You are viewing a plain text version of this content. The canonical link for it is here.
Posted to solr-user@lucene.apache.org by Shalin Shekhar Mangar <sh...@gmail.com> on 2010/02/21 22:57:01 UTC

Why ASCIIFoldingFilter is not a CharFilter

Hello,

Looking over the CharFilter franchise, it seems to me that the
ASCIIFoldingFilter is a perfect candidate for being a CharFilter as it
performs character level substitutions like MappingCharFilter. However it is
not a CharFilter. Is there a reason why?

-- 
Regards,
Shalin Shekhar Mangar.

Re: Why ASCIIFoldingFilter is not a CharFilter

Posted by Robert Muir <rc...@gmail.com>.
Shalin, yeah. i guess in my opinion, the diacritics handling in conjunction
with a stemmer is unfortunately not very easy to do, without getting wierd
results.

for example, the snowball stemmers usually expect these diacritics to be
there, they are looking for something closer to the proper "dictionary form"
(they have different rules for accented letters versus non-accented forms).

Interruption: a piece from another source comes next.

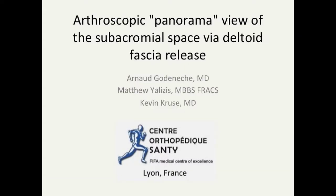In this video I will be describing the arthroscopic panorama view of the subacromial space via deltoid fascia release.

but in practice, i think people make shortcuts, which is why people have
measured pretty significant improvements in retrieval effectiveness (> 15%)
simply by removing diacritics for some languages:
http://citeseerx.ist.psu.edu/viewdoc/download?doi=10.1.1.13.4626&rep=rep1&type=pdf

what frustrates me, is there is no way to do this without confusing the
snowball stemmers. I guess theres always the option to try to 'restore'
missing diacritics instead, so stemming works correctly, but this is
complicated and sometimes I wish the snowball stemmers were just less
sensitive instead... sorry to just be complaining out loud :)

On Mon, Feb 22, 2010 at 7:58 AM, Shalin Shekhar Mangar <
shalinmangar@gmail.com> wrote:

> I wasn't suggesting that they should be changed but trying to understand
> why. This makes sense. Thanks Erik and Robert.
>
> On Mon, Feb 22, 2010 at 6:16 AM, Robert Muir <rc...@gmail.com> wrote:
>
> > right, most stemmers expect the diacritics to be in their input to work
> > correctly, too.
> >
> > On Sun, Feb 21, 2010 at 5:19 PM, Erik Hatcher <erik.hatcher@gmail.com
> > >wrote:
> >
> > > won't some stemmers leave diacritics in the terms that ought to be
> > removed
> > > before indexing?
> > >
> > >
> > >
> > > On Feb 21, 2010, at 4:57 PM, Shalin Shekhar Mangar wrote:
> > >
> > >  Hello,
> > >>
> > >> Looking over the CharFilter franchise, it seems to me that the
> > >> ASCIIFoldingFilter is a perfect candidate for being a CharFilter as it
> > >> performs character level substitutions like MappingCharFilter. However
> > it
> > >> is
> > >> not a CharFilter. Is there a reason why?
> > >>
> > >> --
> > >> Regards,
> > >> Shalin Shekhar Mangar.
> > >>
> > >
> > >
> >
> >
> > --
> > Robert Muir
> > rcmuir@gmail.com
> >
>
>
>
> --
> Regards,
> Shalin Shekhar Mangar.
>



-- 
Robert Muir
rcmuir@gmail.com

Re: Why ASCIIFoldingFilter is not a CharFilter

Posted by Shalin Shekhar Mangar <sh...@gmail.com>.
I wasn't suggesting that they should be changed but trying to understand
why. This makes sense. Thanks Erik and Robert.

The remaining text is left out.